My Twitter buddy Denis Fitzpatrick author of the brilliant This Mirror In Me (seriously, get it. You won’t regret it) asked me what I thought of the Obamacare Act (the Affordable Care Act). Honestly, I don’t think it’s going to work and I do think it’s going to make things worse in the long run. But then, the Republicans’ plan will do the same, just breaking and worsening different things. That’s because both sides think that with just a few tweaks, the entire system can be made to work perfectly according to their ideology. Libertarian, Communist, Socialist, Green — whatever — everyone thinks they know the one or two things that Must Be Done To Fix The US Healthcare system.
And they are all dead wrong. At this point, the only way to fix the system is to tear it completely down and start over. Why? Because it’s shoddy and rotten from the foundation up. If the American healthcare system were a building, it would have toppled right over years ago. And no, adopting a Universal or Single Payer System like in France, the UK, Canada, Australia, New Zealand or whatever Health Care Mecca you favor won’t fix it because of the fundamental differences in American governmental structure and in American social culture.
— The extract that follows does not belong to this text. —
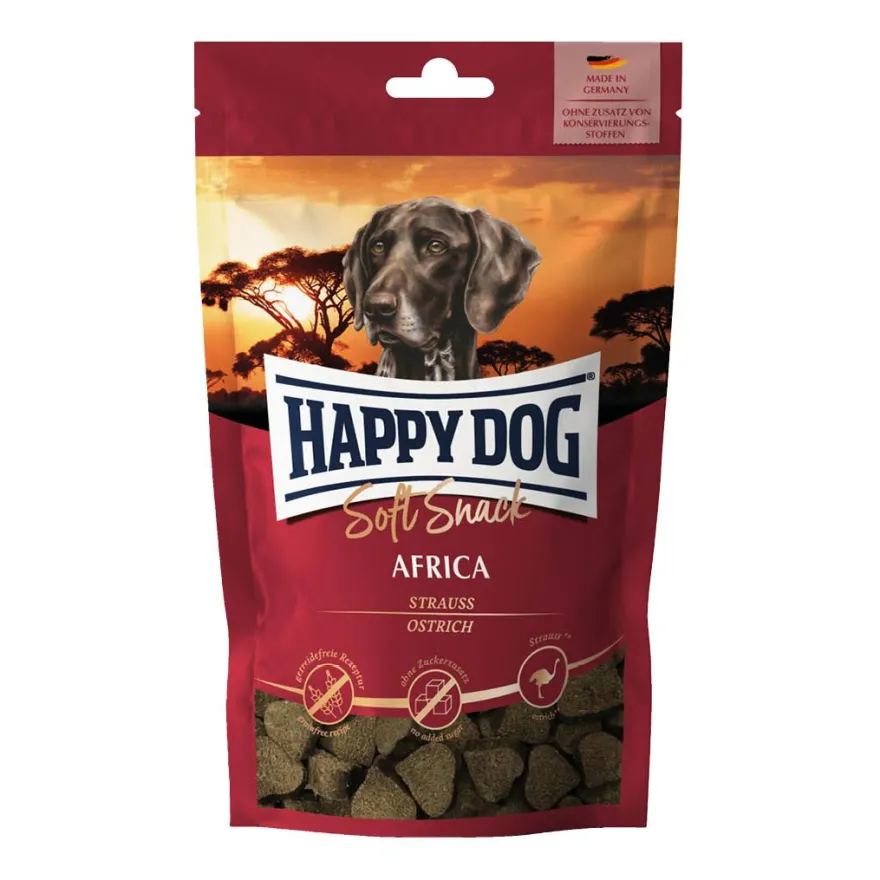 Happy Dog Soft Snack Africa | 100 g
Not to mention that adopting those systems will lead to a significant draw-down in the development of new treatments, more effective treatments, new devices, and the advancing of medical science in general (read on and you’ll see why).
But, before you can start to fix anything, you have to know the players and most people — even most Americans — don’t know the players which is why I think their view of the game or the rules that need to be changed is simplistic and unlikely to work at best, harmful and likely to cause a lot of unintended consequences at worst.
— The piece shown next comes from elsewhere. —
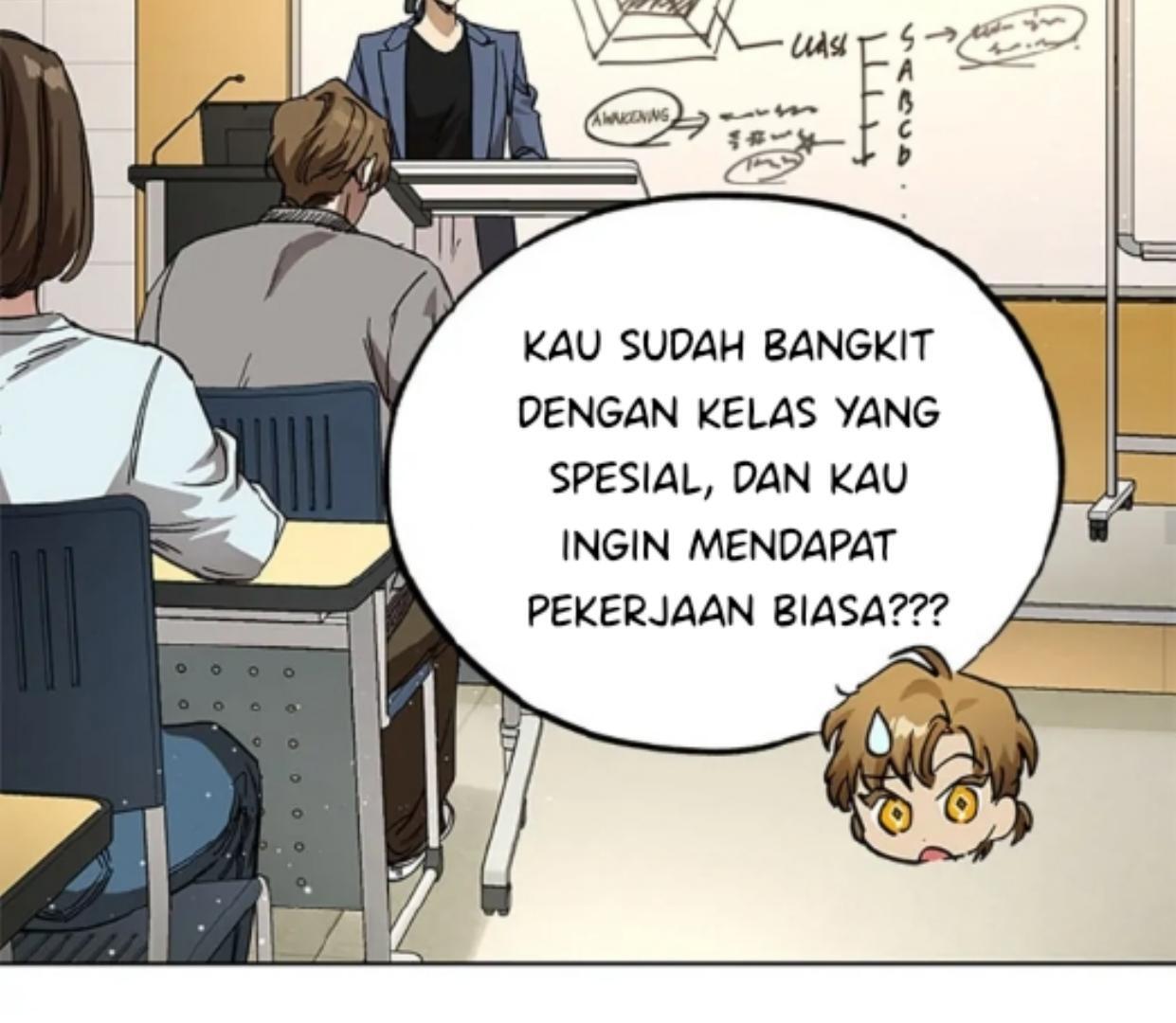 The Housekeeper of the Dungeon Chapter 7 bahasa Indonesia Gambar 51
So, who are these players? Well, there are a lot of them so go get a cup of tea/coffee/beer/whiskey and then get settled in because we’re going to be a while.
Player One: Health Insurance Industry — The insurance industry is currently the second largest actor in the American healthcare market. This wasn’t always the case — prior to the Second World War, the health care industry was rather small and most people didn’t bother with insurance. Visiting your local doctor and getting the few, primitive antibiotics (Sulfa drugs, Quinine, etc) that were cutting edge was an out-of-pocket expense for most people. If you couldn’t afford to pay everything at once, the local doctor would work out a payment system with you. Some doctors would even accept barter-goods (chickens, milk, eggs, etc) in lieu of legal tender (cash) from their local patients. Of course, back then, options such as surgery did not exist for rich or the poor. During the Second World War when most American men of working age were drafted and sent overseas to fight, women picked up the slack in the war machine by working in the factories. Every factory wanted the best workers but could not raise wages to compete1 — so they had to offer other benefits and health insurance was a major one. After the war, companies continued to offer these benefits instead of discontinuing them and raising wages. Thus, the industry exploded over the next several decades as insurance became more common and medical technology began to really take off.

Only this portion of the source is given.